§ **GIVEN INFORMATION**:
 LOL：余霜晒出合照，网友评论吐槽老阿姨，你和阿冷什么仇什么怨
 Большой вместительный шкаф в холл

==

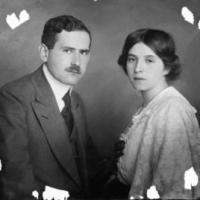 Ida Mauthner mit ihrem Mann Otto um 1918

§ **DIRECTIONS FOR THIS TASK**:
From the material above, retype precisely the lines between the line holding "LOL：余霜晒出合照，网友评论吐槽老阿姨，你和阿冷什么仇什么怨" and the line holding "Большой вместительный шкаф в холл", inclusive, and nothing beyond them.

§ **EXERCISE RESPONSE**:
 LOL：余霜晒出合照，网友评论吐槽老阿姨，你和阿冷什么仇什么怨
 Большой вместительный шкаф в холл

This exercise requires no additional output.